Sol estava mesmo esperando por Ícaro. Parte dela, estava nervosa pela demora do amante e a outra parte estava apenas muito ansiosa. Batia os pés na pedra em que estava sentada e olhava o tempo todo para o seu reflexo na água, questionando se estava bela o suficiente para ele.

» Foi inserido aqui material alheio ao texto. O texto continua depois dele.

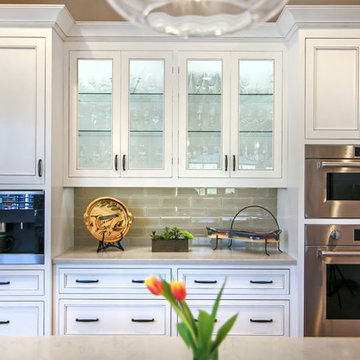 Designer white kitchen  inset custom cabinets and glass doors with glass shelves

Ele atravessou a cortina de folhas andando ao invés de voar até ali. Sol não reparou, mas as asas dele se arrastavam como se tivessem o dobro do peso.

— Ícaro! - Ela sorriu e deu um pulinho infantil da pedra que estava para terra. Ícaro desviou o olhar. - Por que demorou? Eu estava ficando preocupada.

Ela se aproximou devagar, sensual e sorridente, ele quis dar uns passos para trás, precisava ser forte, mas seus pés estavam fincados na terra. Todo o seu corpo, seu coração… cada parte de si era contra o que ele precisava fazer e lutava para que ele não fizesse.

— Precisamos conversar. - Ele falou quando ela chegou perto de tocar seu rosto, ela parou com a mão no ar e o olhou com atenção. - Eu estou deixando você.

Sol parou de brilhar. Pela primeira vez desde que ele a conheceu, Sol não estava brilhando.

— Oi?

— Estou deixando você. - Ele repetiu com raiva na voz. Raiva de si e raiva dos deuses.

— Por quê?

Ícaro deu dois passos para atrás, como resposta. Dizer qualquer coisa poderia quebrá-lo, fazê-lo desistir. Sol avançou com o olhar confuso e a voz alta, com medo.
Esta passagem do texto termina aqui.